The nation, which already had some of the strictest abortion laws in Europe, will now only allow the procedure in cases of rape, incest or when the mother's life in danger.
The move to further restrict abortion had been pursued by Poland's populist government for months, and has raised alarm among women's rights campaigners and human rights watchdogs.
Around 98% of abortions in Poland had been conducted as a result of fetal defects, meaning the ruling bans virtually all termination procedures taking place in the country. It could force women to carry a child even if they know the baby will not survive childbirth, campaigners said on Thursday.
The Constitutional Court's Thursday ruling marked the first change to Polish abortion law since 1993, but comes after a years-long effort from the country's right-wing government to curtail access to terminations.
It was condemned by the Council of Europe's Commissioner for Human Rights, Dunja Mijatovic, who called Thursday a "sad day for women's rights."
"Removing the basis for almost all legal abortions in Poland amounts to a ban and violates Human Rights," Mijatovic tweeted. "Today's ruling of the Constitutional Court means underground/abroad abortions for those who can afford and even greater ordeal for all others."
The ruling Law and Justice Party (PiS) has placed anti-abortion rhetoric at the heart of its socially conservative agenda, and attempted to pass a bill banning abortions due to fetal defects in the early weeks of the coronavirus pandemic.
The plan was ultimately scrapped in Poland's parliament, but has since been taken on by the nation's highest court. PiS has spent much of its time in office tightening its grip on the courts, removing judges it finds to be politically objectionable, replacing them with what critics claim are political appointments, and creating disciplinary measures for justices who make rulings ministers don't agree with.

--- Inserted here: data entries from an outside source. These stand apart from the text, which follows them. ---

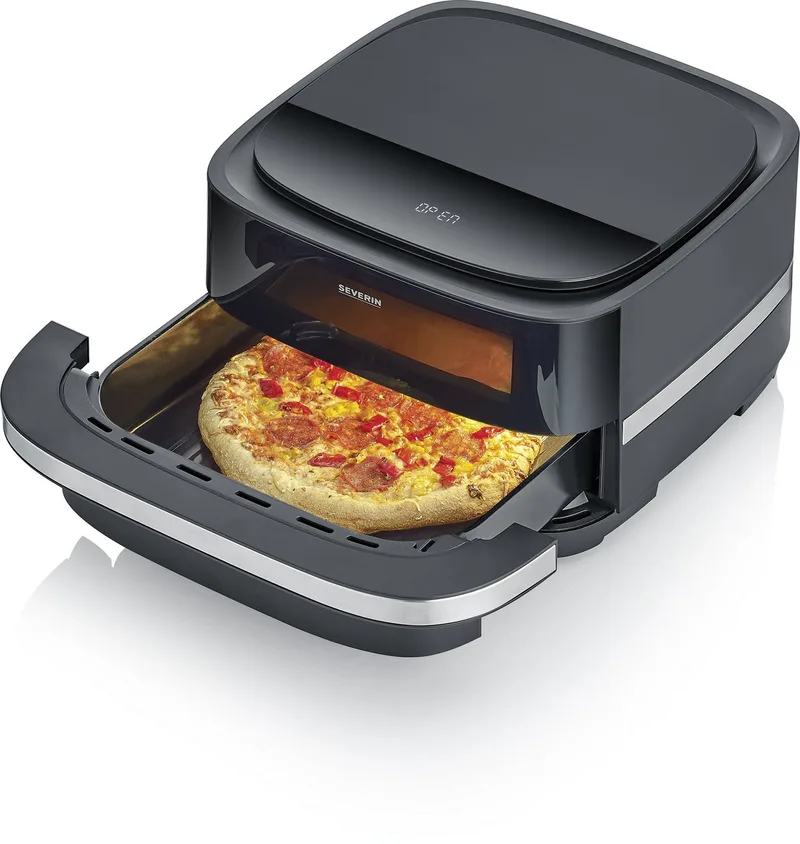 FR 2464 Severin S-Fry Pizza & More - Airfryer - Hetelucht friteuse - Pizzaoven - 4 liter - Brede vorm - Kijkvenster by Severin in Black – product photo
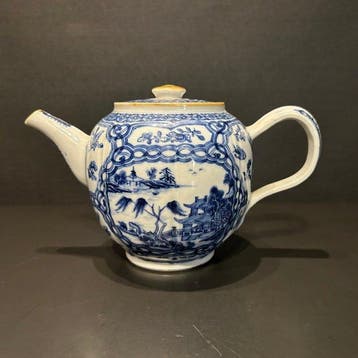 Theepot - Porselein - blauwwit Qianlong theepot, Antiek en Kunst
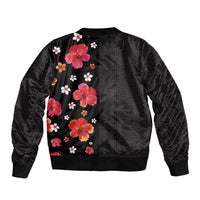 Hawaii Hibiscus and Plumeria Flowers Bomber Jacket Tapa Tribal Pattern Half Style Colorful Mode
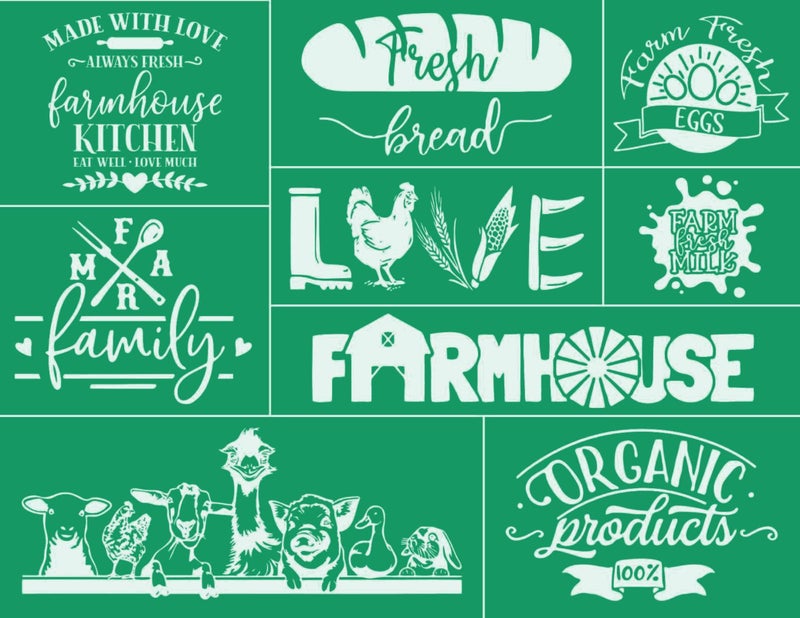 DGAGA Farmhouse Kitchen Silk Screen Stencils Farmhouse Self Adhesive Silk Screen Printing Stencil for Chalk Paste Reusable Silk Screen Transfers Mesh Stencils for WoodFabricHome DecorArt Crafts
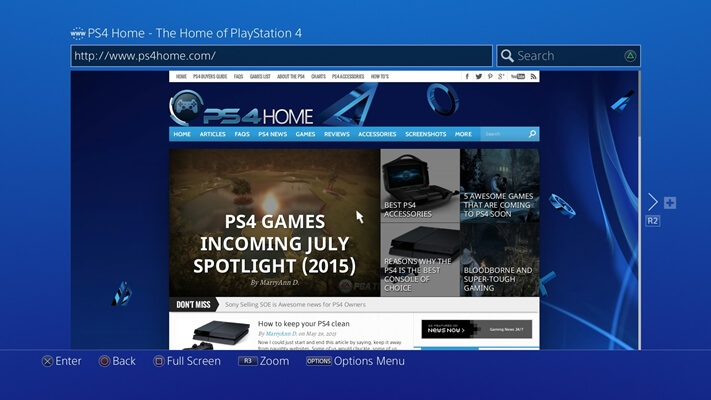 ps4 web browser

"There is an effective ban on abortion in Poland now," Agnieszka Kubal, a sociology and human rights scholar at University College London, told CNN. "This has to be read in the context of the wider right-wing discourse on abortion in Poland, that women cannot be trusted with the right to choose."
Hundreds protested the ban on Thursday evening as they gathered near the Warsaw home of PiS leader Jaroslaw Kaczynski -- widely seen as the country's de facto decision-maker despite not being the prime minister or president.
Riot police used pepper spray against some in the crowd, according to footage from the scene. In one video posted on social media, police officers are seen hitting a protester on the ground with a pepper spray can and spraying incoming protesters who attempted to help.
In other footage, a group of police officers can be seen arresting a demonstrator while another group of officers wrestle with a protester as they attempt to take him away.
Warsaw police spokesman Sylwester Marczak told reporters on Friday that officers had arrested 15 people at the protests, 14 of whom have been now been released. The police force also defended its actions, saying on Twitter that it was responding to an "increasingly aggressive" crowd, which tried to "deliberately provoke a confrontation."
Earlier attempts to restrict abortions legislatively also drew women's rights protesters to the streets, with massive demonstrations taking place in 2016 and in subsequent years. In April this year, many activists used their cars to demonstrate without violating Covid-19 restrictions.